Mission & History


The Nashville Symphony inspires and engages a diverse and growing community with extraordinary live orchestral music experiences.

As Middle Tennessee continues to grow and transform, the Nashville Symphony will be a financially robust, leading orchestra fully supported and embraced by the community it serves and recognized by its peers for its innovation and excellence. Key to achieving this vision, the Nashville Symphony will:

  • Entertain and educate audiences with varied opportunities to engage with orchestral music.

  • Be recognized as a leading arts organization defined by performing an innovative and excellent portfolio distinguished by a commitment to American music, including underrepresented voices.

  • Strengthen diversified revenue streams in order to routinely deliver a balanced operating budget and meet goals for endowment contributions.

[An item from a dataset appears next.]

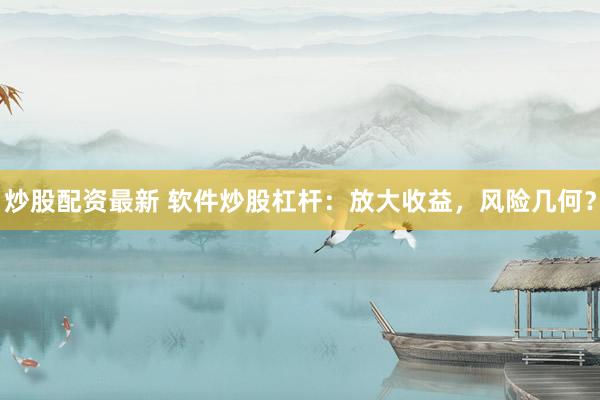 炒股配资最新 软件炒股杠杆：放大收益，风险几何？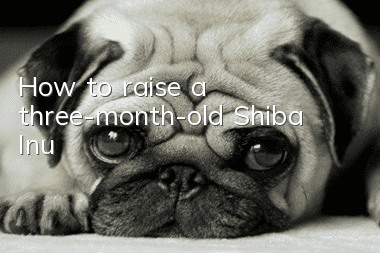 How to raise a three-month-old Shiba Inu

  • Build a diverse, welcoming, and effective organization that is a great place to work and is reflective of the Middle Tennessee community.



About the Nashville Symphony

Led by music director Giancarlo Guerrero, the Nashville Symphony has been an integral part of the Music City sound since 1946. In a typical year, the ensemble performs more than 150 concerts annually, with a focus on contemporary American orchestral music through collaborations with composers including Jennifer Higdon, Terry Riley, Joan Tower and Aaron Jay Kernis. The orchestra is equally renowned for its commissioning and recording projects with Nashville-based artists including bassist Edgar Meyer, banjoist Béla Fleck, singer-songwriter Ben Folds and electric bassist Victor Wooten.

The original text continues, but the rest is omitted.